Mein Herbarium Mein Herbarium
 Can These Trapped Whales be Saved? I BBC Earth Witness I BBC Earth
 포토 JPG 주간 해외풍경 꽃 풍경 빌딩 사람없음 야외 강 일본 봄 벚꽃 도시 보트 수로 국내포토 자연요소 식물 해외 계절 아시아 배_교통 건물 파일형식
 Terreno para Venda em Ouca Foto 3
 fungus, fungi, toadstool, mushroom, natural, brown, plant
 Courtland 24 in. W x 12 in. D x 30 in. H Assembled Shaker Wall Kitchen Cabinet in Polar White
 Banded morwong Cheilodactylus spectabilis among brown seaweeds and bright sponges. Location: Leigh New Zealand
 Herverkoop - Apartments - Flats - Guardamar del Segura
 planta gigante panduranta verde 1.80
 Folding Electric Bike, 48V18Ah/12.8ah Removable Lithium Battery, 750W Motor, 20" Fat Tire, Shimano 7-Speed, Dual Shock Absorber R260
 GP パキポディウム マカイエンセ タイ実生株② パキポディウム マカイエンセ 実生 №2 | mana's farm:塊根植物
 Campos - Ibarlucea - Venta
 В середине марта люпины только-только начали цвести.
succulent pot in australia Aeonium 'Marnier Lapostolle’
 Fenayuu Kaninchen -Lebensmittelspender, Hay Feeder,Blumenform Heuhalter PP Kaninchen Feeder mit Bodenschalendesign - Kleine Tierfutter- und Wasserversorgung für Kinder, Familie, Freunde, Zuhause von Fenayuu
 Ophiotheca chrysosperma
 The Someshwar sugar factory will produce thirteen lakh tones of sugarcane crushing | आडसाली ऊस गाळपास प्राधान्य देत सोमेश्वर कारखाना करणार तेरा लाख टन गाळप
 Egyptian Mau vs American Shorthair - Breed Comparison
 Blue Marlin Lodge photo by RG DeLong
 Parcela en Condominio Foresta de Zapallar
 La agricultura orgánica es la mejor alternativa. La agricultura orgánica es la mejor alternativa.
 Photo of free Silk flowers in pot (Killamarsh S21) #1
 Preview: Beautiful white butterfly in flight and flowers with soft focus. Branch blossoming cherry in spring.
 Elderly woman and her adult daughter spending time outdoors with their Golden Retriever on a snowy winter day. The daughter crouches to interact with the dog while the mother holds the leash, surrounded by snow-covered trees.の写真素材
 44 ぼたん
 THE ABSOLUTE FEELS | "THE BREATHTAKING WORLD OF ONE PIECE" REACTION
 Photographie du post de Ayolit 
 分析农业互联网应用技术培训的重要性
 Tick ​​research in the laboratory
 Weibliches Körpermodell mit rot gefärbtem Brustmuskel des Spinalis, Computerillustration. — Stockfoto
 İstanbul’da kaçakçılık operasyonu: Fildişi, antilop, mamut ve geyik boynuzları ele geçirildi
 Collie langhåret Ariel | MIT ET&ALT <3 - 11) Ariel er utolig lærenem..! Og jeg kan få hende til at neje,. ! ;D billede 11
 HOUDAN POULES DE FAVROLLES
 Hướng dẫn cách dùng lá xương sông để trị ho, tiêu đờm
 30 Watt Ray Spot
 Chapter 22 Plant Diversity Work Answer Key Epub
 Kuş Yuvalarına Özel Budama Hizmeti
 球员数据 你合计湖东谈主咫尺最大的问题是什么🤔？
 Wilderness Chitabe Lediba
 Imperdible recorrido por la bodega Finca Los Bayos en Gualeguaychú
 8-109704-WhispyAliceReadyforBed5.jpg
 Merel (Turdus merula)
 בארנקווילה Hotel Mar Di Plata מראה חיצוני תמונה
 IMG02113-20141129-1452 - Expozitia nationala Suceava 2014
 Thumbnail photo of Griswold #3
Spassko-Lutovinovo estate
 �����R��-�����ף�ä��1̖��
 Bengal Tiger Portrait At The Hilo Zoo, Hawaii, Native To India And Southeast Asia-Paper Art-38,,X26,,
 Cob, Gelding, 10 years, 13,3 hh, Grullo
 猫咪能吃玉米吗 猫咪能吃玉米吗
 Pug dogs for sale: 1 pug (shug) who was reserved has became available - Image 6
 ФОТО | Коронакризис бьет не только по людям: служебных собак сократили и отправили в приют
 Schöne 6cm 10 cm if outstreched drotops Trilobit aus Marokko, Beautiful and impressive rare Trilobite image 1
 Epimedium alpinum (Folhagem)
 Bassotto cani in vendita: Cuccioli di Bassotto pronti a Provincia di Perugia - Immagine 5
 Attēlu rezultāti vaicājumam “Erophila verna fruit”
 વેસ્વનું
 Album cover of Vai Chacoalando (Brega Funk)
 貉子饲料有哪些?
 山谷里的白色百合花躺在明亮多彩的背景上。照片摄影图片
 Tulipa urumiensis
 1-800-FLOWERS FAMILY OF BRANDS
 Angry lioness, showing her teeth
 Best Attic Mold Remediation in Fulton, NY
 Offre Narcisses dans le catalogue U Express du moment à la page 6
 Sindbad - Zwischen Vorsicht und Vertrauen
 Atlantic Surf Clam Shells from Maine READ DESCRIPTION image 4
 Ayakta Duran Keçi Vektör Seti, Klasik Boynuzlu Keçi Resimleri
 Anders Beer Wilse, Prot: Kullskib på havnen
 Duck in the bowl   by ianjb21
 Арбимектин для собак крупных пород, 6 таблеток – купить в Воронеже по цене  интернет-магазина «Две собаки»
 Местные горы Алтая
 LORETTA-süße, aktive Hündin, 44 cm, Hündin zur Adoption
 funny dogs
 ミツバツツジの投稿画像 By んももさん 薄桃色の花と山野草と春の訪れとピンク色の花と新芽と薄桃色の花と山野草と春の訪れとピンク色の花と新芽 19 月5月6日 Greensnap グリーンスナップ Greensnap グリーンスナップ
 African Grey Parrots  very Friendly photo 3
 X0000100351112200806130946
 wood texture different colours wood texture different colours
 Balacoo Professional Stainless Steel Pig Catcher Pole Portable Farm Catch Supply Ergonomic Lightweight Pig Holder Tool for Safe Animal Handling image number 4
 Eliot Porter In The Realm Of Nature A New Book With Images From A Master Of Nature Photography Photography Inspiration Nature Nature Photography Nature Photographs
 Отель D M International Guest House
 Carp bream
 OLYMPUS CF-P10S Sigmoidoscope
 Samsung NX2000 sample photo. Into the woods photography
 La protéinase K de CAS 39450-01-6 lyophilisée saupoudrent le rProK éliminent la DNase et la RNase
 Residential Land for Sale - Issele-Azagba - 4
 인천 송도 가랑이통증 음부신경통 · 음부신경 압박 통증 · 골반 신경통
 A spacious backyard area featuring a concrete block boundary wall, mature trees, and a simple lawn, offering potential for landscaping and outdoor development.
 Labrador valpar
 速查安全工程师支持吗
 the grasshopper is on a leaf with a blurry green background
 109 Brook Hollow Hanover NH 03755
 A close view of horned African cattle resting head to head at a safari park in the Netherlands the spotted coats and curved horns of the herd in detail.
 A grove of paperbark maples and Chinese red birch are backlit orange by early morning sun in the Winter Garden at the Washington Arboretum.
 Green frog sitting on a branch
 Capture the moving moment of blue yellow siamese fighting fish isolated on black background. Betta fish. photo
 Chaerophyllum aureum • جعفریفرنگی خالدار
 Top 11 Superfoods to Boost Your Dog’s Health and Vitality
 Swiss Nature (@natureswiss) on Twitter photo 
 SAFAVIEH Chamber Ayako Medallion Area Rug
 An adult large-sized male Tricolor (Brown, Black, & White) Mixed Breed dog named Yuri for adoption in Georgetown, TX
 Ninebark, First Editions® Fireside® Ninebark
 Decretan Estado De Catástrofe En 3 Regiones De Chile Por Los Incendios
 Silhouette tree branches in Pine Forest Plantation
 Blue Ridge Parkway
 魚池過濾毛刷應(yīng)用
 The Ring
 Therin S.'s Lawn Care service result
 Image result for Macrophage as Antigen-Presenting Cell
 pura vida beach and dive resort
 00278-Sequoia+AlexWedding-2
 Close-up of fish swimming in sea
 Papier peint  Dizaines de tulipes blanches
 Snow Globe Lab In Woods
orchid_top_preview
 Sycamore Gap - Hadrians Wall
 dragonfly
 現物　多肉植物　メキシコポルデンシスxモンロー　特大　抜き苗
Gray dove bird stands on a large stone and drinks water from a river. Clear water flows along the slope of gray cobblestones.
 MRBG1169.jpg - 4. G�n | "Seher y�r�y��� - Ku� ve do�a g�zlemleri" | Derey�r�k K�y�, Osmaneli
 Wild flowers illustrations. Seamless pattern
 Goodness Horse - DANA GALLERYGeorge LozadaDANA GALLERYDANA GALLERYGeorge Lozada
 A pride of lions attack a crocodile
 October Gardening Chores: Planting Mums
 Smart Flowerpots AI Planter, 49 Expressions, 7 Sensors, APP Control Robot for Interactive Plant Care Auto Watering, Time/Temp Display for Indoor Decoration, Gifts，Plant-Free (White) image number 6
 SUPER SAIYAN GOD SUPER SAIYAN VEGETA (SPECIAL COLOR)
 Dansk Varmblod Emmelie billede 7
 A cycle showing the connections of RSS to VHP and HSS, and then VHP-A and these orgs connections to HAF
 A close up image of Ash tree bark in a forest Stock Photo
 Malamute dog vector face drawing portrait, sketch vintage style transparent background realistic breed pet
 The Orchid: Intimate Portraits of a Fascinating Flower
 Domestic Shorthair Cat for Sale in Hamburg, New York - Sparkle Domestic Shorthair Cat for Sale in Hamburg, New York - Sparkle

********************

Find the word "Care" in the entries and show each line where it is found.

> _Result of this exercise_:
 Therin S.'s Lawn Care service result
 Smart Flowerpots AI Planter, 49 Expressions, 7 Sensors, APP Control Robot for Interactive Plant Care Auto Watering, Time/Temp Display for Indoor Decoration, Gifts，Plant-Free (White) image number 6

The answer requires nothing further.